§ **Problem to work on**
Beginning at the line that contains "Used 2023 Ford" and ending at the last line of the entries, write out each line exactly; include nothing outside that span.

§ **Source information**
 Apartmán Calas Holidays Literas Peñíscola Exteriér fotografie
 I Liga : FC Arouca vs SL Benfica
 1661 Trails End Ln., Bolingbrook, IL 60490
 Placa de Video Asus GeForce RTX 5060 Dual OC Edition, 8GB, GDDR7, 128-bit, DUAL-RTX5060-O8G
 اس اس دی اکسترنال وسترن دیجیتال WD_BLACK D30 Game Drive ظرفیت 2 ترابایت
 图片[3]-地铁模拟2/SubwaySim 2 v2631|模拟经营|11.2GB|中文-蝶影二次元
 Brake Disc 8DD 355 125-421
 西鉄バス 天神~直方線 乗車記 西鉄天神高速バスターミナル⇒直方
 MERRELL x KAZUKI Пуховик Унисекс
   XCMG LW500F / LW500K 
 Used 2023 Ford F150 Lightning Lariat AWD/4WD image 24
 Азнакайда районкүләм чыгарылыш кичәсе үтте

§ **Written response**
 Used 2023 Ford F150 Lightning Lariat AWD/4WD image 24
 Азнакайда районкүләм чыгарылыш кичәсе үтте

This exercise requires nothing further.